How Group G actually looks
Here is the beautiful, terrifying truth: after one round, every team in Group G has exactly one point. Belgium and Egypt cancelled each other out 1-1 in Seattle. We drew with Iran 2-2 in Los Angeles. Four teams, four points shared, nobody has shown they are too good for the rest. That is not the script we were handed when this draw came out. We were meant to be the whipping boys. Instead the group is wide open, and second place (the spot that puts you into the knockout rounds for the first time in All Whites history) is right there.
Belgium are still Belgium, and they play Iran on June 21. If the Belgians do what their talent says they should, then Egypt becomes our direct rival for that second spot. Beat them and we are in command of our own fate. Lose, and we are doing maths and praying. I have done enough praying watching Chile miss three World Cups in a row. I would rather we just win the game.

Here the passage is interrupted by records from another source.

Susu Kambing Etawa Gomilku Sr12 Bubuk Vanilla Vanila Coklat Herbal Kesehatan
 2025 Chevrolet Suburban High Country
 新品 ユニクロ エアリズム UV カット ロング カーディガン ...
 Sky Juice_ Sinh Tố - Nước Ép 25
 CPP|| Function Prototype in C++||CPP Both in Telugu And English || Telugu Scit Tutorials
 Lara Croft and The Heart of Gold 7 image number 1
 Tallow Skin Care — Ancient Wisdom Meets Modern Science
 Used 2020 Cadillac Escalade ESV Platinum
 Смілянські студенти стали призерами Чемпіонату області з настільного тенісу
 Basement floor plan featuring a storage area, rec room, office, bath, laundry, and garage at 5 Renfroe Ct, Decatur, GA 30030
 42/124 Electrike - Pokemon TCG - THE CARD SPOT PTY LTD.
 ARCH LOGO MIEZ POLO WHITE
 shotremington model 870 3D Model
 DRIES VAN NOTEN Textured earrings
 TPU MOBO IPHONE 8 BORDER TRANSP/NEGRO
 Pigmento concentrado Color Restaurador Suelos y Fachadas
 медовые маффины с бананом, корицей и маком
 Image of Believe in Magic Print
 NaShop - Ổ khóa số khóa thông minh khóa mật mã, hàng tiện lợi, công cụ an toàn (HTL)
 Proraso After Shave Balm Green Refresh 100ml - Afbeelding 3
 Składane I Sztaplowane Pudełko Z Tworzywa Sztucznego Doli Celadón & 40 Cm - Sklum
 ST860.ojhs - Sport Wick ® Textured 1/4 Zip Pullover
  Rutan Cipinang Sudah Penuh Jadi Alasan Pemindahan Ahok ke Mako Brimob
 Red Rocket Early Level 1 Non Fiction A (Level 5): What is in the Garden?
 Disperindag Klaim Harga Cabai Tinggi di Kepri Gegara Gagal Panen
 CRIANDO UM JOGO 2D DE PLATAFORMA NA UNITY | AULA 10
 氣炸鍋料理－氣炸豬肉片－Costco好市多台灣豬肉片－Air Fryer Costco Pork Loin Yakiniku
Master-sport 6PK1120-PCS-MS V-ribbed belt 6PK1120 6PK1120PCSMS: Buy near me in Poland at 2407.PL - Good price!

The Wood and Just show, please run it back
Elijah Just became the first All White to ever score twice in a World Cup match, and he did it on the biggest stage there is. Seventh minute and 54th minute, both set up by Chris Wood, who turned in the kind of performance that had the New Zealand press handing out nine out of ten. Wood is 34 and playing like a man who knows this is his last dance, holding the ball up, dragging defenders around, and then producing the footwork to tee up Just’s opener. If you grew up on South American number nines, you recognise that type: the striker who scores and also makes everyone around him better.
The worry, of course, is that we conceded twice. Ramin Rezaeian and Mohammad Mohebbi pulled Iran level both times, and the second one stung because we had the lead and let it slip. Egypt will have watched that tape. They will fancy their chances of getting at us.
What Egypt brings (and yes, it is mostly one man)
Egypt are not scary on paper the way a European giant is, but they have Mohamed Salah, and one moment of Salah is enough to ruin an afternoon. Their form coming in was patchy, two wins, a draw and two losses in their last five, and that 1-1 with Belgium was a grind rather than a statement. The one time these sides met, a friendly in March 2024, Egypt won 1-0. So nobody here should be strutting. But there is a version of this game where our physicality and our willingness to run at people for ninety minutes pulls Egypt out of shape. That is the version I am betting on.
Why I refuse to call us underdogs anymore
Back in 2010 the All Whites went to South Africa and came home unbeaten, three draws against Slovakia, Italy and Paraguay, and the whole country decided that was the ceiling. Honourable draws. Plucky little New Zealand. I have always hated that framing, because I come from a football culture where you are supposed to want to win, not merely survive. The Iran result proved this group can do more than survive. Just scored twice. Wood bossed it. We were the better team for long stretches.
So here is my call: New Zealand 2, Egypt 1, and we walk into the Belgium match on June 27 with our destiny in our own hands. I have spent years watching this World Cup as an outsider with no team of my own in it. For once I have adopted a side that is genuinely mine, that plays where I live, and that just might do something nobody expected. Monday, 1pm, TVNZ. I will be the one yelling at the screen. Vamos los All Whites.